Sunday, February 05, 2023

The College Board is a conservative organization

I'm bemused by the brouhaha over the College Board dropping "controversial" and important subject matter in the AP African America History after Florida Governor DeSantis and other conservatives objected. 

What did we expect? The College Board is a fundamentally conservative organization that preserves the status quo. They long offered subject matter tests for Greek and Latin, which is taught at elite private schools, while they did not offer any tests for Asian languages until the addition of Japanese in 1993. They didn't even offer Mandarin until 1994

What's inexcusable is the deference that we gave to the defenders of the unequal status quo. 

When I applied to the University of California, we had to have studied 3 years of a foreign language tested by the College Board. CB did not test for any Asian languages in the 1980s. Thus, I studied German in high school, sitting in the same classroom as Peter Thiel, a native German speaker who immigrated from Germany. 

I would have loved to have studied Mandarin instead, but my high school only offered languages accepted by the University of California, while only accepted languages tested by a testing service organized to sort students from elite high schools in the Northeast for elite colleges of the Northeast. 

This kind of circularity was mind boggling to observe but I sucked it up and studied German and Latin in HS. It was so unfair that all the Asian American students, many of whom spoke an Asian language at home, could not enjoy the same privilege as white students who got to learn a language at public school that they can use to speak with their parents and grandparents at home. 

Because of US immigration law that severely restricted immigration from Asian countries before 1966, most of the Asian American kids in my HS were immigrants who spoke an Asian language at home. 
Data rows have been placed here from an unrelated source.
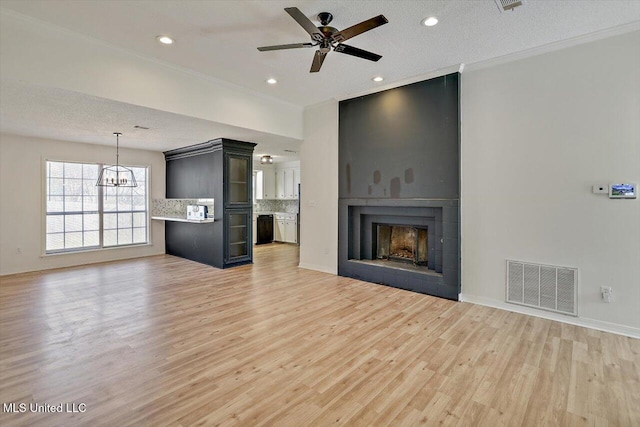 unfurnished living room featuring visible vents, ornamental molding, light wood-style floors, ceiling fan with notable chandelier, and a large fireplace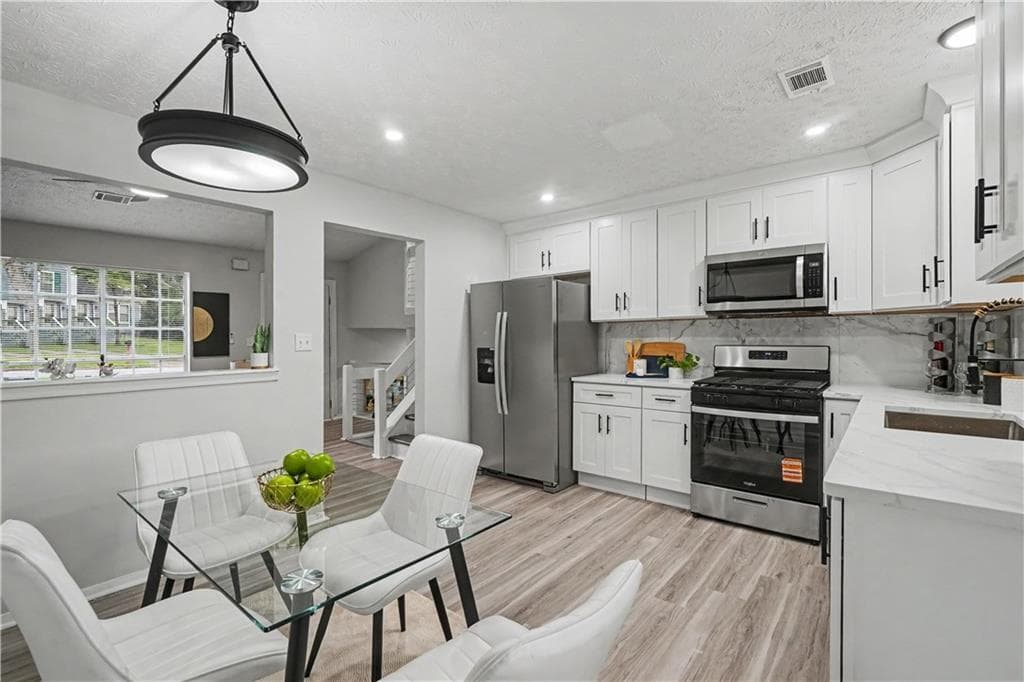 3 bedroom, 2 bathroom, 1,382 sq ft single family residence for sale at 4584 Garden Hills Drive, Stone Mountain, GA 30083 — photo 6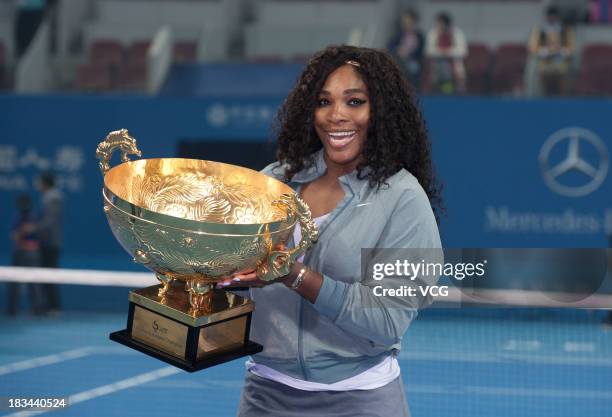 Serena Williams of the United States poses with the trophy after winning her women's final match against Jelena Jankovic of Serbia on day nine of the...
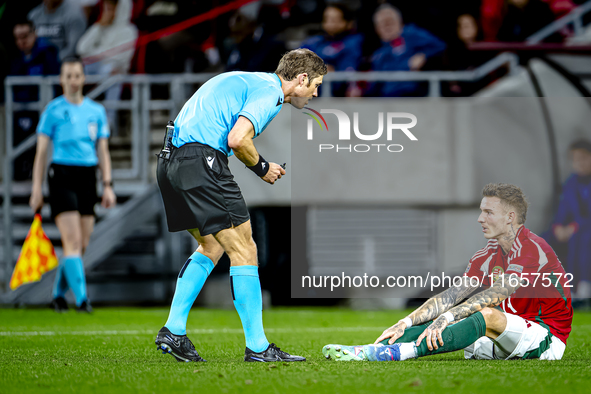 Referee Lukas Fahndrich and Hungary defender Bendeguz Bolla participate in the match between Hungary and the Netherlands at the Puskas Arena...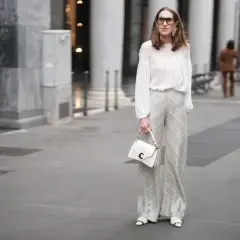 Elegancka kobieta w białej bluzce i srebrnych spodniach. Czy na komunie można ubrać się na biało? Ta stylizacja pokazuje, że tak, jeśli jest gustowna.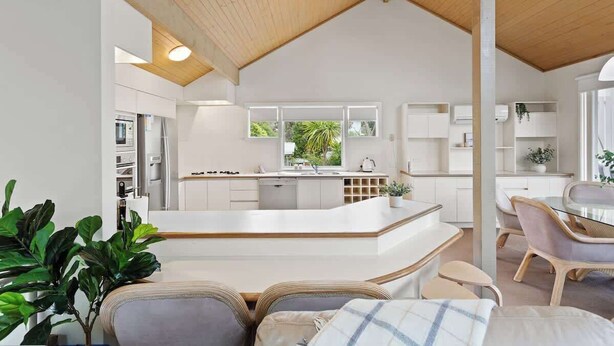A modern kitchen with a central island, white cabinetry, and a view of greenery outside. - Private Access to Beach, Oceanview with Home Gym (Silverleaves)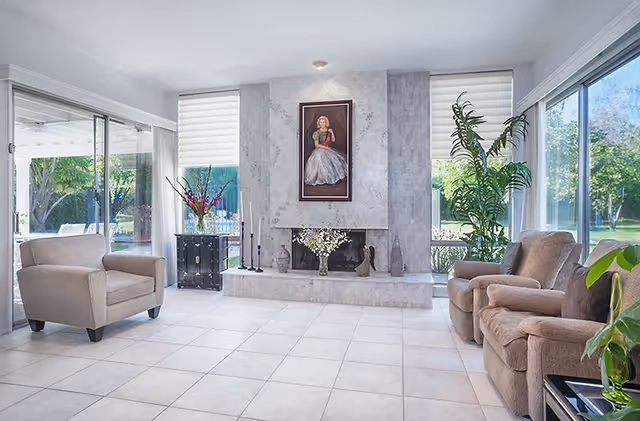 Bright modern living room with tiled floor, a central fireplace flanked by large windows, armchairs and potted plants.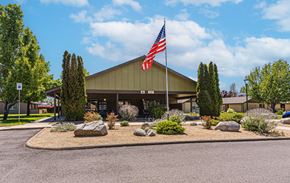 Grants Pass apartment for rent - a building with an flag in front of it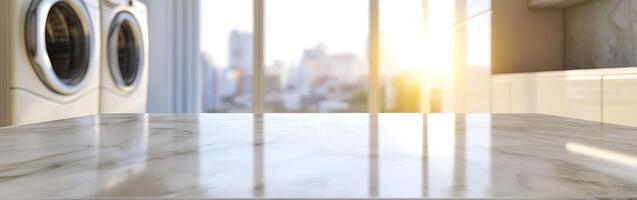 Laundry room with modern appliances and city view during sunset photo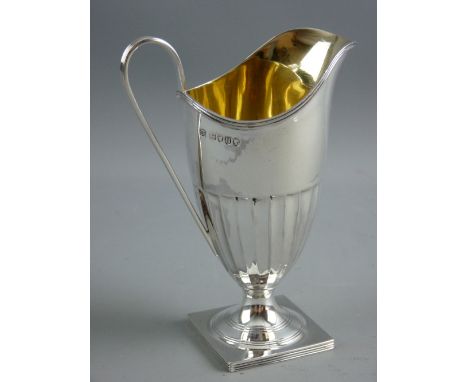 A HALLMARKED SILVER HELMET SHAPED CREAM JUG, London 1883 by William Hutton, the pedestal jug with half segmented body and gil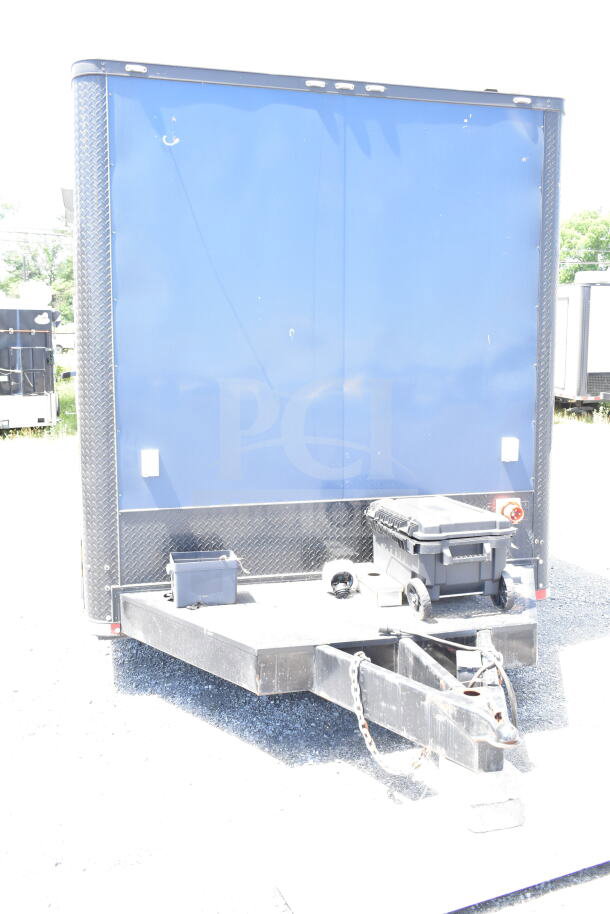 2020 Southern Dimensions 8.5x28 cold beverage/food trailer, featuring insulated blue exterior, tow hitch, and storage box.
We had to learn a THIRD language just to get into California's public universities. 

Our test scores for European languages were evaluated against kids learning only a second language. Even worse, we got no credit for knowing Asian languages. 

The College Board has power in part because we give them power. We can cut them out. 

What if, we didn't give value to AP test scores and the curriculum they represent? What if we taught a more in-depth curriculum, tailored to the needs and interests of the students? We'd lose some uniformity, but be more relevant to each student. We might even foster more love of learning for its own sake. 

Colleges and universities can just request a list of the books and readings used in history classes rather than rely on the AP test to create a de facto curriculum. Have kids supply a writing sample from their history or literature classes. 



  1. Anonymous16:11

    Actually I can think of several other uncomplimentary adjectives for the College Board and the testing organization(s). Further, in my opinion the systematic undermining of public education at all levels sponsored by one of the main political parties is linked to many of our current political and public health problems. As you can see your post has triggered a rant.


    1. totally understandable and relatable

  2. Anonymous19:20

    Are you sure there was ever a requirement by the UC’s that your foreign language had to be tested by the College Board? That was absolutely not the case when I graduated in high school in 86. The 86 rules were enacted in 82, and the 82-86 rules were easier then (only defining 11 of your high school courses be in English, math, sciences, foreign languages, history, social sciences or arts…this moved in 86 to 15 yearlong courses in this area and 1 additional course.

    In short, while BOARS requires 3 years of non-English, it does not specify College Board tested languages for that and I doubt it ever did as there were always high schools specializing in other languages (e.g. friend went to a Swedish school and had no need to pick up Spanish there).

    Where I think you might have a point is the UCs had limited tests that allowed you to waive out of needing to do yet another language. E.g. I had a friend who needed to take a language in high school with us despite his fluency in Igbo. There was no approved test then that our high school knew of to test out of the requirement with,

    1. I'm older than you and Asian languages did not satisfy the requirement when I was in HS. I recall the change and being incredulous that the change was so late.

  3. I remember those rules, although they did not affect me directly in the same way they affected you. I do remember that the language requirements for the colleges I applied to all demanded that they be on the short list supported by the college board. This did not affect me as my small school only taught 2 languages, both of which qualified. Even at that time it seemed like a short-sighted list to me, despite the white-bread culture of the area in which I lived, an area where there was very little cultural diversity. The College Board has never been a bastion of progressive insight, which when you get down to it is not at all surprising given its role as a gatekeeper.